The retained ability to cycle despite freezing of gait (FOG) has been reported to be typical of patients with PD,1, 2 and the “bicycle sign” (i.e., the loss of the ability to cycle) has been suggested as a red flag indicative of atypical parkinsonism.3 However, we present here a patient with Fahr's syndrome and severe FOG, but a remarkably preserved ability to cycle 7 years after disease onset. Fahr's syndrome encompasses a group of neurodegenerative disorders associated with calcification of the basal ganglia, cerebellum, and other brain regions.4 Parkinsonism with FOG and early falls are part of the clinical phenotype of this disorder.5
This 57-year-old patient developed difficulty walking with falls at the age of 53, followed swiftly by stuttering, erectile dysfunction, and urinary urgency. There was no relevant family history. On examination, he had hypomimia, festinant speech, echolalia, and scanning dysarthria. There was bilateral, but asymmetrical, bradykinesia and rigidity, intermittent rest tremor and bilateral postural arm tremor, dysmetria, and dysdiadochokinesia. He had marked FOG and tended to festinate backward on the pull test (see Video, Segment 1). The Mini–Mental State Examination was 25/30. A CT brain scan showed widespread calcification within the basal ganglia and dentate nuclei consistent with Fahr's syndrome. Extensive investigation showed no other abnormalities, and a dopamine transporter (DAT) scan was normal. He was treated with levodopa (L-dopa) with a mild improvement of his symptoms. The patient reported that despite the marked FOG, he could get around his local village by cycling with no difficulty (see Video, Segment 2).
Here, we report a patient with atypical parkinsonism and severe FOG who, nonetheless, has a negative bicycle sign, which has been suggested to distinguish patients with PD from atypical parkinsonism. This case suggests that this sign should be used with some caution in this regard.
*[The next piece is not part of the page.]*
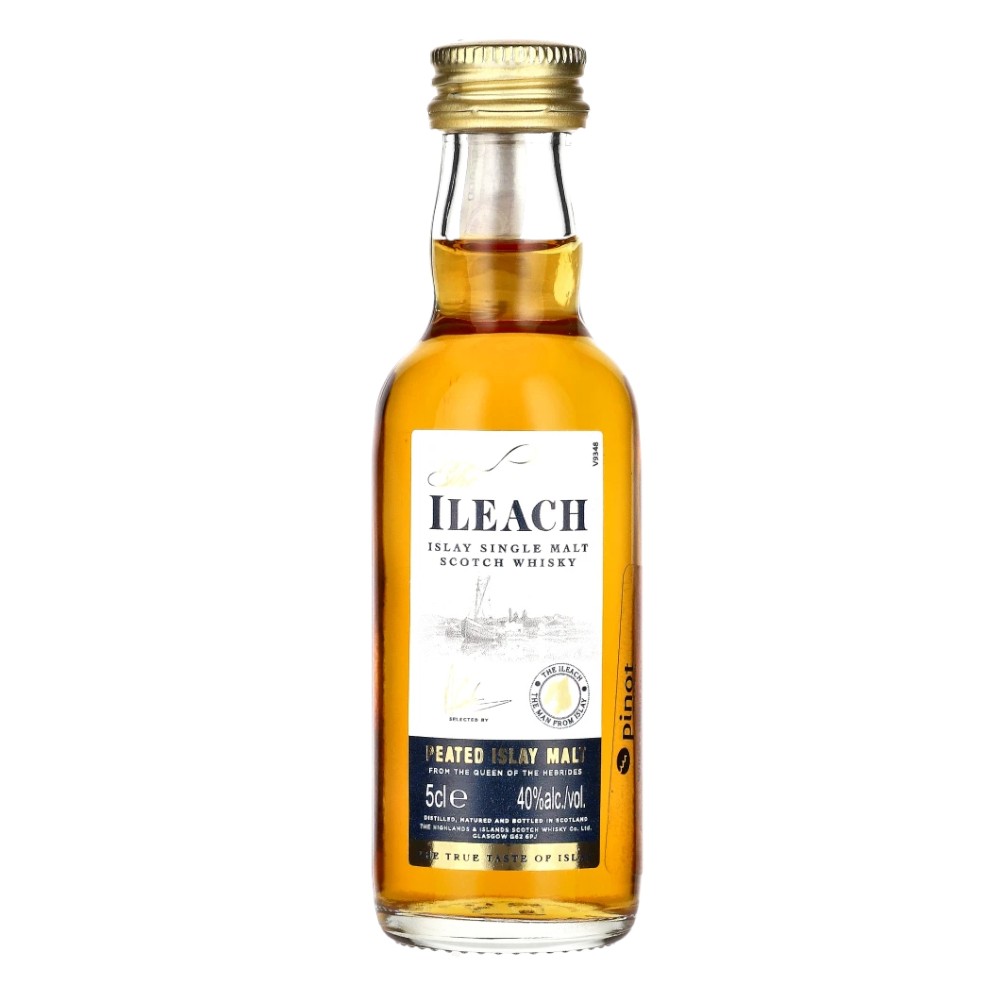 Whisky Ileach 40% 50 ml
It remains unclear why, in some patients, there is a dissociation between severe difficulty with generating leg movements while walking, manifesting as FOG, and preserved ability to generate leg movements while cycling, although some possible suggestions have been made.2 For example, the action of cycling might represent a type of an external pacing cue that helps to overcome freezing.7 Another notable aspect is that the speed of leg movements seems to improve when cycling. This is not simply an improvement related to the “on” state in PD patients, as this was also observed in our patient who had a normal DAT scan and little response to L-dopa. The improvement may be related to “paradoxical kinesia,” a brief, sudden period of mobility in response to stress or life-threatening events.6
The bicycle sign has been suggested as a new red flag for distinguishing PD from atypical parkinsonism.3 One issue with the previous report is that the atypical parkinsonian patients, taken together as a group, were significantly older and more impaired in terms of UPDRS, postural instability, and ataxia than PD patients. It is unclear whether patients in the earlier stages of atypical parkinsonian conditions also lose the ability to cycle. In conclusion, here, we demonstrate a patient with atypical parkinsonism and marked FOG resulting from Fahr's syndrome with a perfectly preserved ability to cycle 7 years after disease onset. We suggest that the bicycle sign should be used with caution as a red flag to distinguish PD from atypical parkinsonism.